Hello! :slight_smile: Does anyone know how to summarize long documents/news articles using the Longformer library? I am aware that using T5, the token limit is 512.

I would really appreciate any help in this area! Thank you :slight_smile:

1 Like

Hi, it’s possible to use Longformer for summerization, the way its done now, is taking BART model and then replacing it’s self attention with longformer sliding window attention so that it can take longer sequences. Check this two issues, first, second, and this branch of longformer repo

3 Likes

Hi, I followed the example from the branch of longformer repo, but it seems that the final output is a tensor instead of words/text. How can I convert it into words?

Note that, these models are not yet fine-tuned for long summarization, you’ll need to fine-tune them yourself or wait till someone does that. And yes, the model returns a tensor, to generate text you’ll need to use the generate method.

Here’s nice blog post on the generate method

2 Likes

the links are broken :confused:

Hey @valhalla. Hope you’re well. In your earlier comment here you mention that Longformer for summarisation takes the BART model and replaces it’s self attention. I was under the impression that this model was based off ROBERTA. Can you confirm if there is a long former model based off BART and if so where it is on the hub?

Hi,

LongFormer is an encoder-only Transformer (similar to BERT/RoBERTa), it only has a different attention mechanism, allowing it to be used on longer sequences.

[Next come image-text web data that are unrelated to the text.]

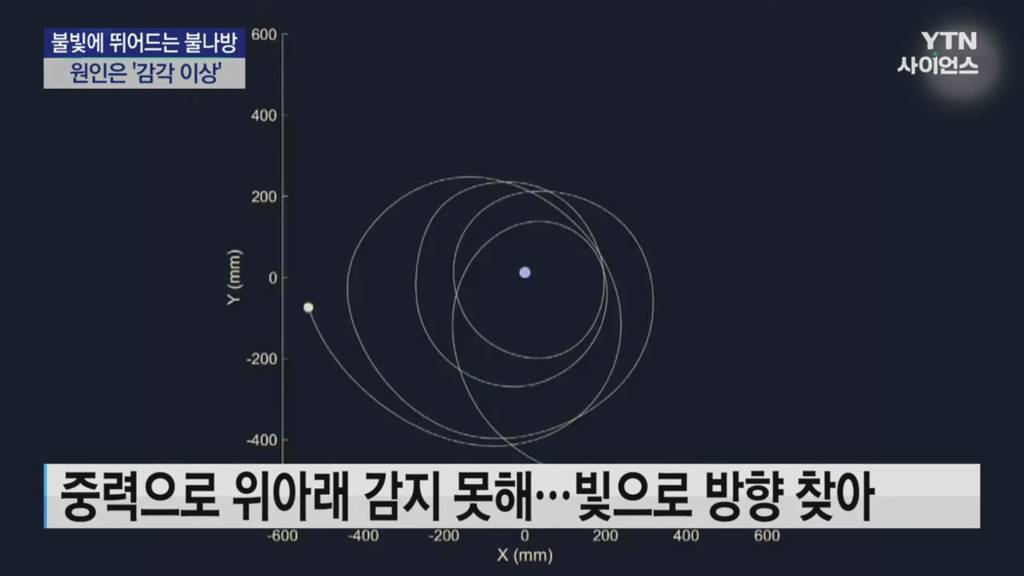 불빛으로 뛰어드는 불나방...원인은 '감각 이상' | 인스티즈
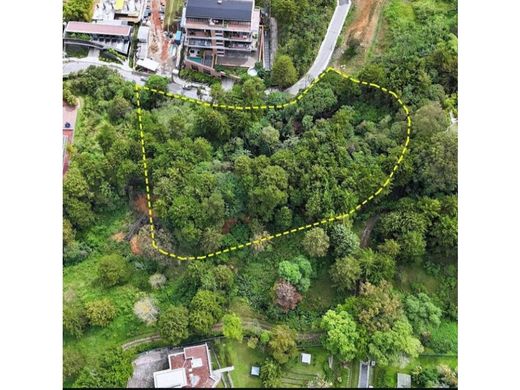 地皮  麦德林, Medellín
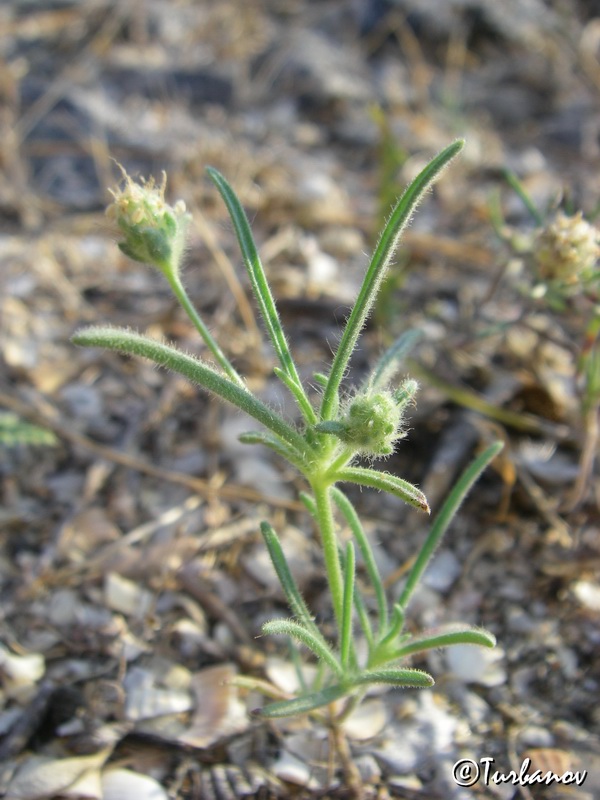 Image of Plantago arenaria specimen.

The author also released LED (LongFormer Encoder Decoder), which is a seq2seq model (like BART, T5) but with LongFormer as encoder, hence allowing it to be used to summarize long documents for instance, or translate long texts.

Weights are on the hub: Models - Hugging Face

Amazing that’s very helpful thank you. I can see on that link that Allen AI’s LED model is based of bart-base which is ideal. If I were to look to try and convert bart-large to a LED would this notebook still be the right approach or is this for encoder-only models?

I don’t have access to this notebook.

okay no problem. Thanks for your help!